Yields: 1 (9x13-inch) cake
Servings: 12
Prep Time: 25 mins
Bake Time: 45 mins
Total Time: 65 mins

Ingredients

For the Cake

  • 3 cups flour
  • 4 teaspoons baking powder
  • 1 teaspoon salt
  • 1⅓ sugar
  • 2 eggs, room temperature
  • 1½ cups whole milk, room temperature
  • 1 tablespoon vanilla extract
  • 4 tablespoons unsalted butter melted

Cinnamon Swirl Layer

  • 1 cup salted butter (2 sticks) softened
  • 1 cup light brown sugar packed
  • 1 tablespoon cinnamon
  • 2 tablespoons flour

Glaze

  • 2 cups powdered sugar
  • 5 tablespoons milk
  • 1 teaspoon vanilla

Directions

  1. Preheat oven to 350°F and grease a 9 x 13 baking pan with butter or cooking spray.

For the Cake Batter

  1. In a medium size mixing bowl whisk together flour, baking powder, and salt.
  2. In separate large mixing bowl whisk together sugar, eggs, milk, and vanilla until smooth.
  3. Add the dry ingredients into wet ingredients and whisk/or use a spatula to stir until mostly combined.
  4. Pour melted butter into the batter and mix until incorporated.
  5. Transfer batter to prepared pan and smooth out evenly.

For the Swirl Topping

  1. In a medium mixing bowl beat softened butter, brown sugar, flour and cinnamon together smooth. You can use a hand mixer or simply a fork.
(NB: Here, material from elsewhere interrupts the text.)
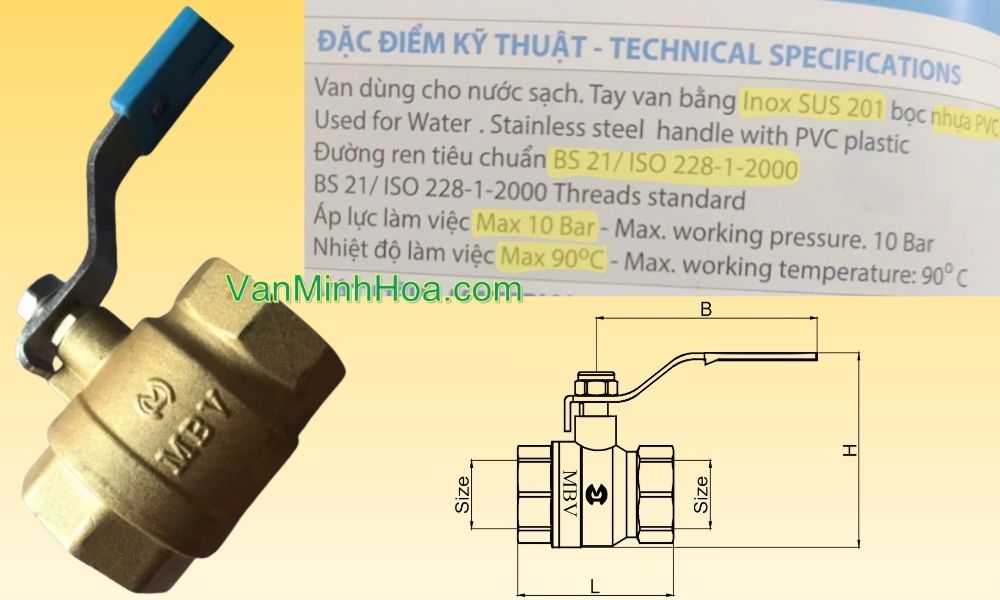 đặc điểm van bi mbv tay gạt dn65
It will be thick and paste like.
  2. Drop spoonfuls of the cinnamon mixture evenly on top of the cake batter.
  3. Run a knife through the top to create the swirls of cinnamon and sugar through the batter.
  4. Transfer pan to oven and bake in the middle rack for 45-50 minutes or until golden brown and cake is set and pulls away from sides of pan and toothpick comes out clean.
  5. Once done remove pan from oven and set on cooling rack and allow to cool for 10-15 minutes before adding the glaze.

For the Glaze

  1. While the cake is cooling make the glaze. Whisk together the powdered sugar, milk and vanilla.
  2. Spoon or pour glaze on the cake while it’s warm.
  3. Slice and serve.

Recipe Notes

  • This cake is best served warm from the oven, the same day it’s made. That being said the cake or any leftovers can be stored at room temperature the day it is baked and after that in the fridge in and airtight container for 3-5 days. Enjoy at room temperature or warmed up in the microwave.
  • For Cream Cheese Frosting: if you prefer a richer topping or glaze you can use a mixer to mix 1 cup powdered, 4 Tablespoons softened butter, 1 teaspoon vanilla, and 4 ounces cream cheese. This will give you a light glaze - double recipe for thicker cream cheese glaze.